* **TASK REQUIREMENTS**
Take the data below and extract the lines from the one with "Photo 3 of 2024" to the one with "1994/95 Arsenal Away Shirt by Nike. Size XL", inclusive, exactly as written.

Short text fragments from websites
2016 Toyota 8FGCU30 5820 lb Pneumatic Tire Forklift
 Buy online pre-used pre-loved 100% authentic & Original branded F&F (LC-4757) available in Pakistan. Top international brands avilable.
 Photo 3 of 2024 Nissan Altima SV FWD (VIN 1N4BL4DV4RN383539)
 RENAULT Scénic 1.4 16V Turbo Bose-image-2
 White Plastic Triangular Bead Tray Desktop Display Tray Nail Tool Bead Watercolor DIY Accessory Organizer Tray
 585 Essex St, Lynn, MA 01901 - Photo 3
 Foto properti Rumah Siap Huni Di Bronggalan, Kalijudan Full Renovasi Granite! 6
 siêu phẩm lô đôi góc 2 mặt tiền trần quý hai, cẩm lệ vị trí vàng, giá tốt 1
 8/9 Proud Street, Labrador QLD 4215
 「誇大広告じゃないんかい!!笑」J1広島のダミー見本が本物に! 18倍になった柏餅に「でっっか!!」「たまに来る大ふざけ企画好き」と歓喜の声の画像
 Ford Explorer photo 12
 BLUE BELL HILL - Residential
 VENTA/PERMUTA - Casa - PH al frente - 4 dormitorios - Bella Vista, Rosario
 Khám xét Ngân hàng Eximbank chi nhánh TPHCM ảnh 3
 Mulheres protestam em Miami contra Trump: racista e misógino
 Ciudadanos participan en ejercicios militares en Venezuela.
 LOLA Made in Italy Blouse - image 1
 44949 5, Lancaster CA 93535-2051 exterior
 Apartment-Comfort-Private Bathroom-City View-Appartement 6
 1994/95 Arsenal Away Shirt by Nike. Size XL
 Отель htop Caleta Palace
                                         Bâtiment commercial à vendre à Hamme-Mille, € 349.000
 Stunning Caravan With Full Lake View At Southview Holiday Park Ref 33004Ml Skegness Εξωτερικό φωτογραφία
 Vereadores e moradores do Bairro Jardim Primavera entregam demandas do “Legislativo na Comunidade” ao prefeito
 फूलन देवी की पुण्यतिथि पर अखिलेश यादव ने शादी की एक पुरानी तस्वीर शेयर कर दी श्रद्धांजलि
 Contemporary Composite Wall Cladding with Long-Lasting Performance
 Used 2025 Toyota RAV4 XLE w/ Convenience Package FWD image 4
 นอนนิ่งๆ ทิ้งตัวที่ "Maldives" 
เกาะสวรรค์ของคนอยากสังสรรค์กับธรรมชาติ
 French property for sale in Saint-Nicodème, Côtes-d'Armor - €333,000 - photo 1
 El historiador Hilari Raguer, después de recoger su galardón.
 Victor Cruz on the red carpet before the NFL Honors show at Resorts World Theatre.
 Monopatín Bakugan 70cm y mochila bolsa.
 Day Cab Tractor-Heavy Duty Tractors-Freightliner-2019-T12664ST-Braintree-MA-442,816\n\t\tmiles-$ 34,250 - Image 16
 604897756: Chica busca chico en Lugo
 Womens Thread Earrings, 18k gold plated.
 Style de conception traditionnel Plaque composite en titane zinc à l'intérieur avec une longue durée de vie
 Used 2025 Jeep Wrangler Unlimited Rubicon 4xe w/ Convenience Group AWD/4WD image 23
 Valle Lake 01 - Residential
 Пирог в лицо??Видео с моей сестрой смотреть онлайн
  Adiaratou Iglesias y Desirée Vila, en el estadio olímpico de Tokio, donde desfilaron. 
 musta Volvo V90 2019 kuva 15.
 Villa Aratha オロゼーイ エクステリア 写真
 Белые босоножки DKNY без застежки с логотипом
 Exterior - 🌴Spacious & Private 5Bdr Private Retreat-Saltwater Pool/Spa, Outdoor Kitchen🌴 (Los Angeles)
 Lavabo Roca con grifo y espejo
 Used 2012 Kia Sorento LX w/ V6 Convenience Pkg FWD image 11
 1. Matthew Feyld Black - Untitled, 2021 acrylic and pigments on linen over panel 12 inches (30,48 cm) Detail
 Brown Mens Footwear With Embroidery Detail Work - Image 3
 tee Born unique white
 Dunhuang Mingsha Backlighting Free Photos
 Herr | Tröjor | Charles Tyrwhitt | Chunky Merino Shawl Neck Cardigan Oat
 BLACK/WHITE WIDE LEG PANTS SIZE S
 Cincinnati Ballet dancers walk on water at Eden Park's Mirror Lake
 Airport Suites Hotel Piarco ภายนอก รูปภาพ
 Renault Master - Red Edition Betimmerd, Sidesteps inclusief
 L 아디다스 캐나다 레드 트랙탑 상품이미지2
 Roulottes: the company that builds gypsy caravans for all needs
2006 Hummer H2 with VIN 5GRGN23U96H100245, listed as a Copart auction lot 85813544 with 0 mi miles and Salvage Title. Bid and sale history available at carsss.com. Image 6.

* **EXPECTED ANSWER**
 Photo 3 of 2024 Nissan Altima SV FWD (VIN 1N4BL4DV4RN383539)
 RENAULT Scénic 1.4 16V Turbo Bose-image-2
 White Plastic Triangular Bead Tray Desktop Display Tray Nail Tool Bead Watercolor DIY Accessory Organizer Tray
 585 Essex St, Lynn, MA 01901 - Photo 3
 Foto properti Rumah Siap Huni Di Bronggalan, Kalijudan Full Renovasi Granite! 6
 siêu phẩm lô đôi góc 2 mặt tiền trần quý hai, cẩm lệ vị trí vàng, giá tốt 1
 8/9 Proud Street, Labrador QLD 4215
 「誇大広告じゃないんかい!!笑」J1広島のダミー見本が本物に! 18倍になった柏餅に「でっっか!!」「たまに来る大ふざけ企画好き」と歓喜の声の画像
 Ford Explorer photo 12
 BLUE BELL HILL - Residential
 VENTA/PERMUTA - Casa - PH al frente - 4 dormitorios - Bella Vista, Rosario
 Khám xét Ngân hàng Eximbank chi nhánh TPHCM ảnh 3
 Mulheres protestam em Miami contra Trump: racista e misógino
 Ciudadanos participan en ejercicios militares en Venezuela.
 LOLA Made in Italy Blouse - image 1
 44949 5, Lancaster CA 93535-2051 exterior
 Apartment-Comfort-Private Bathroom-City View-Appartement 6
 1994/95 Arsenal Away Shirt by Nike. Size XL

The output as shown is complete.